Supplied information -
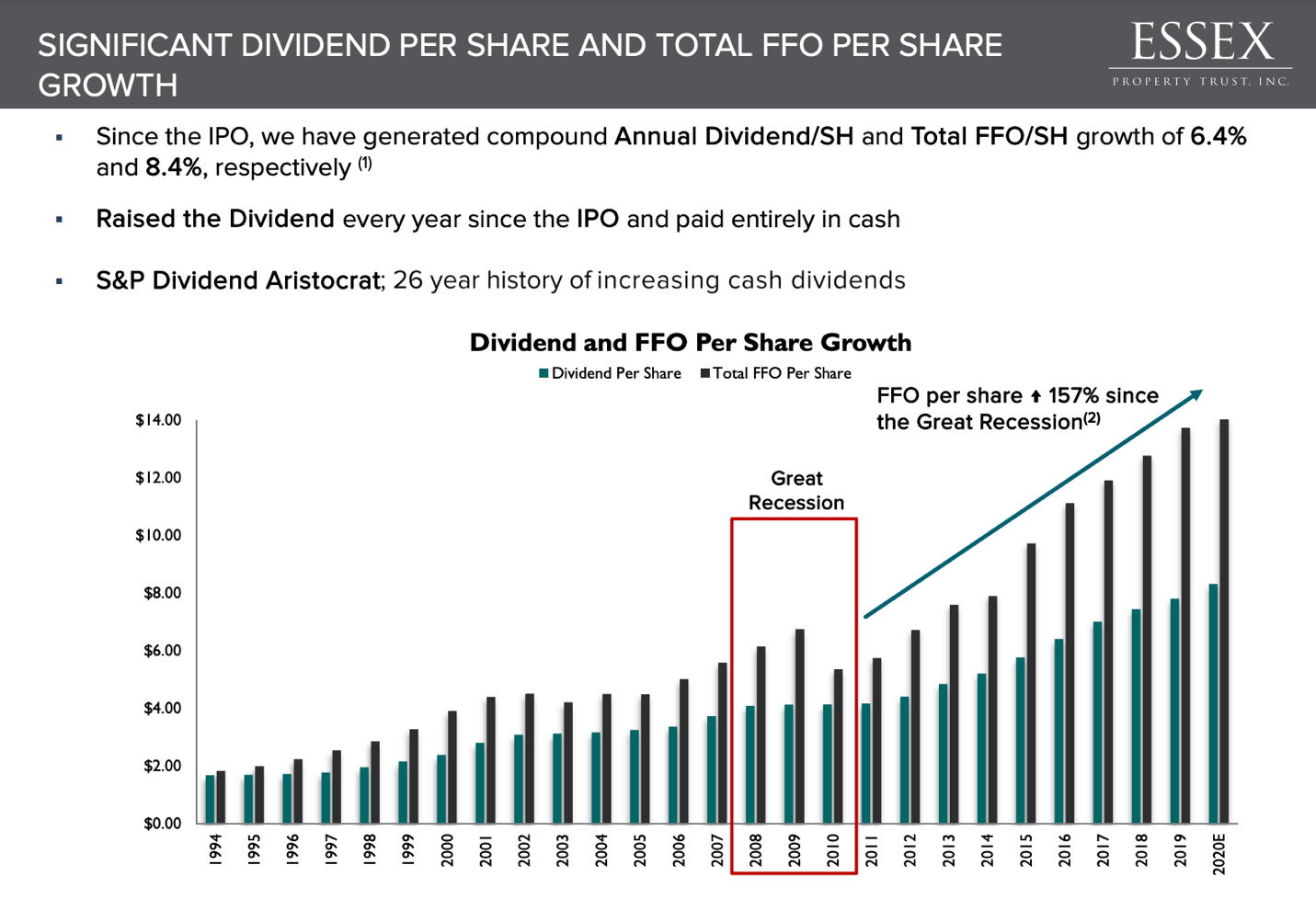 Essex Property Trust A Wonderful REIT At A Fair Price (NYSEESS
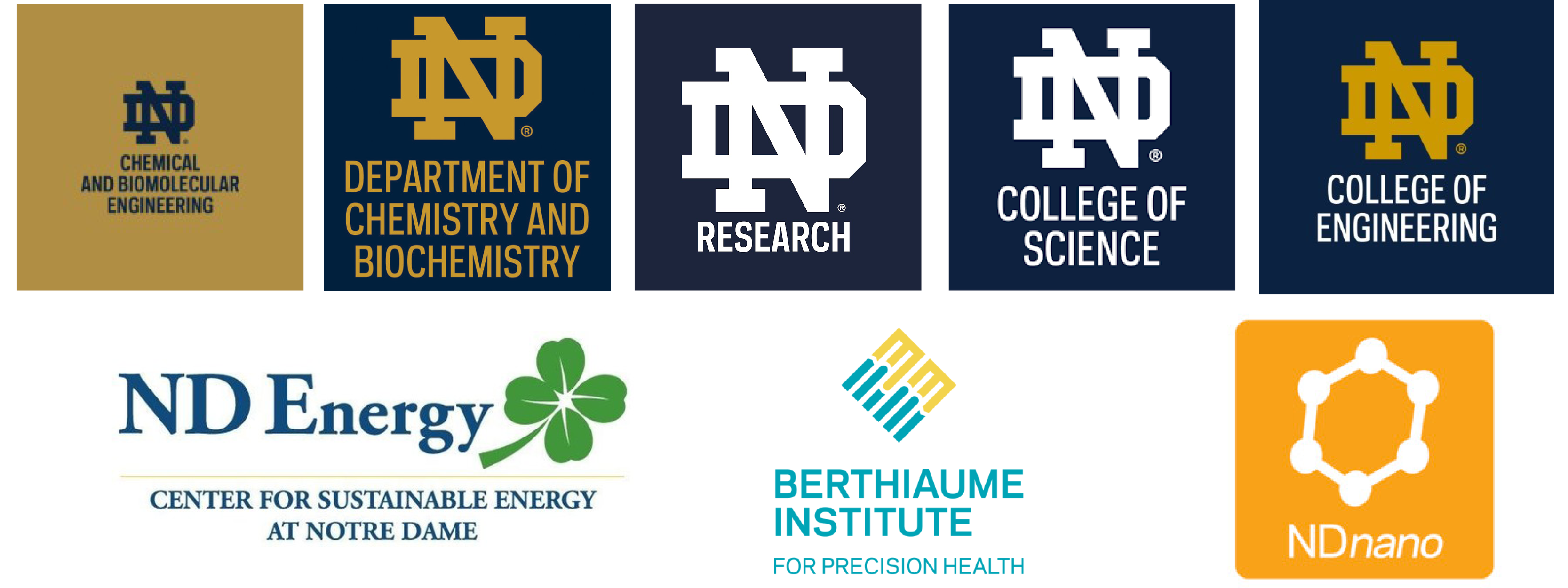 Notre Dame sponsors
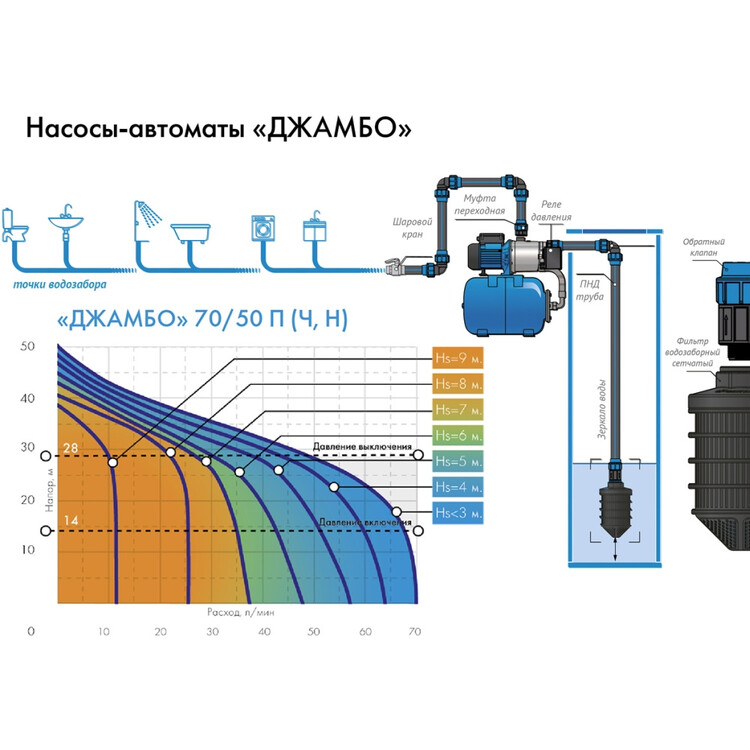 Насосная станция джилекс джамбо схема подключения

Task to carry out -
Your task is to write out, exactly and without pictures, only the lines from the one holding "Notre Dame sponsors" to the last line of the data.

Result of this exercise -
 Notre Dame sponsors
 Насосная станция джилекс джамбо схема подключения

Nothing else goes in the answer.